I like to get up, go to the loo, make a cup of green tea and sit in bed and read for at least twenty minutes. This is my way of allowing myself to wake up gradually. I read in order to keep up the habit and to have something to focus on that allows my brain to start ticking.
If, like me, you can allow yourself some time to wake up slowly, these are other things you can do: jot down / think about reasons why you are grateful.
jot down / think about your intentions for the day ahead.
a form of exercise to get your body moving.
listen to some music or a podcast.
You might want to do some of these things while you are getting ready. If I'm putting on make-up, I leave myself a good amount of time to do so as I don't like to rush through it (and I also want to be able to sip my tea at the same time!) Other ways you can empower yourself in the morning:
have a shower.
put on something that makes you feel like an absolute boss.
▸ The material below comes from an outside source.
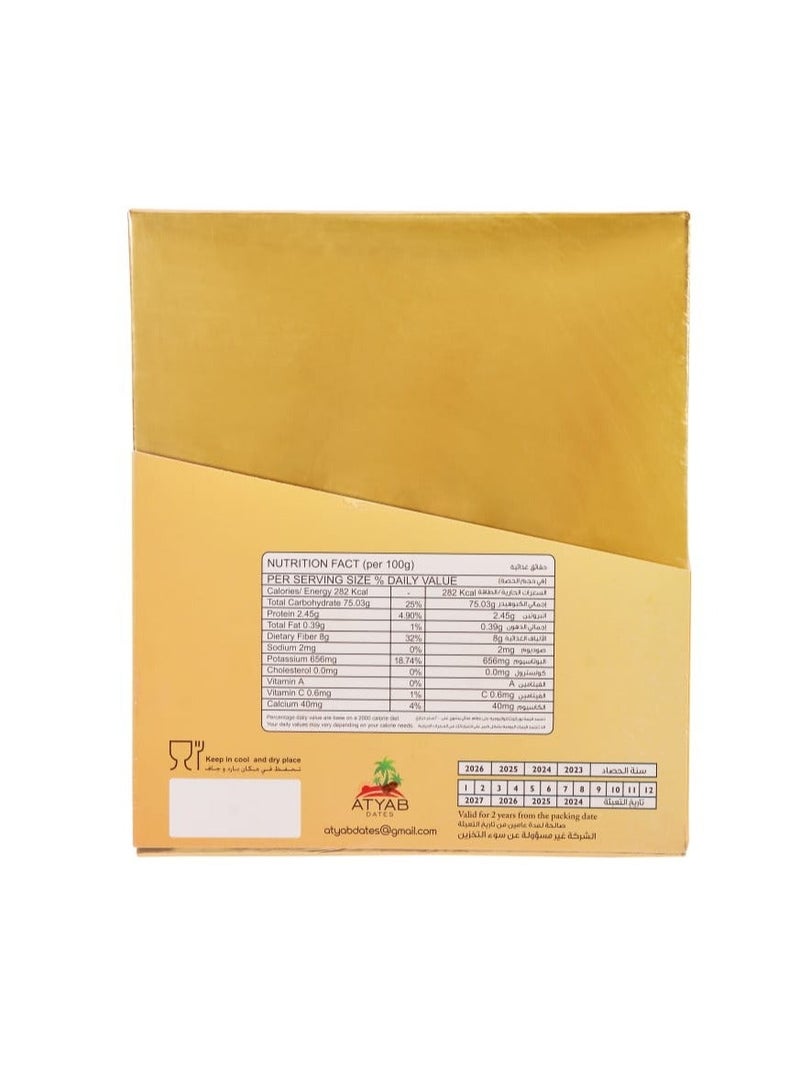 Atyab Dates Medjool Premium Jambo Size Dates 1000 grams - Image 4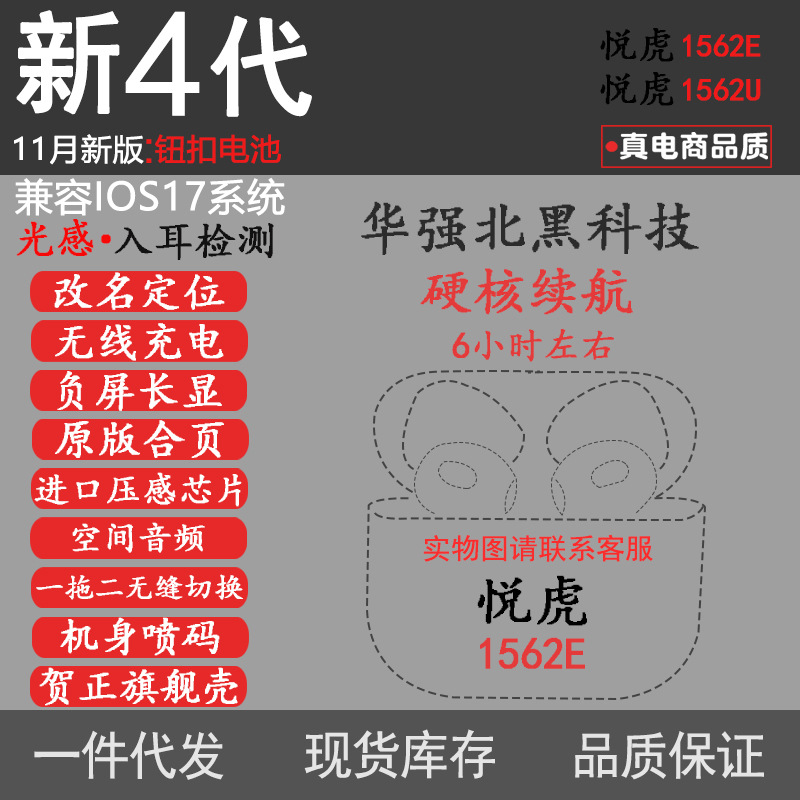 適用於蘋果華強北悅虎二五六代藍牙耳機無線入耳式洛達降噪通透 4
spray yourself with something nice. Smells are powerful.
cut your nails. Trimmed nails are healthy nails.
talk to yourself (not crazy, I promise. Well, maybe you are, I don't know.)
I honestly believe that setting yourself up for the day is the best thing you can do. Even if your day goes to absolute sh*t, at least you started off with a positive mindset, and this has the potential to affect how you move through the setbacks.
There are some things I try to avoid in the morning, such as watching or listening to the news, and engaging in too much deep debate with family whilst I'm still waking up etc. I've found that these things don't set me up well for the day. There may also be things that you want to avoid in the morning too (and don't say work, ha.) Don't let them invade your space.
Start off with the people in your household on a positive note. It's a fresh day, and a fresh start. I don't usually talk to my family much first thing in the morning (if I did I'd end up getting frustrated!) That's just me. Maybe for you, good conversation is key to set you up for the day.
Finally, getting enough sleep the night before is always something I strive to do, and if I can do that then there's no reason why I can't get up early and subsequently allow myself to carry out some of these practices, which to some may seem indulgent. It's figuring out whatever works for you.
Thanks for reading! I hope you took some inspiration from this, and have a great rest of your week.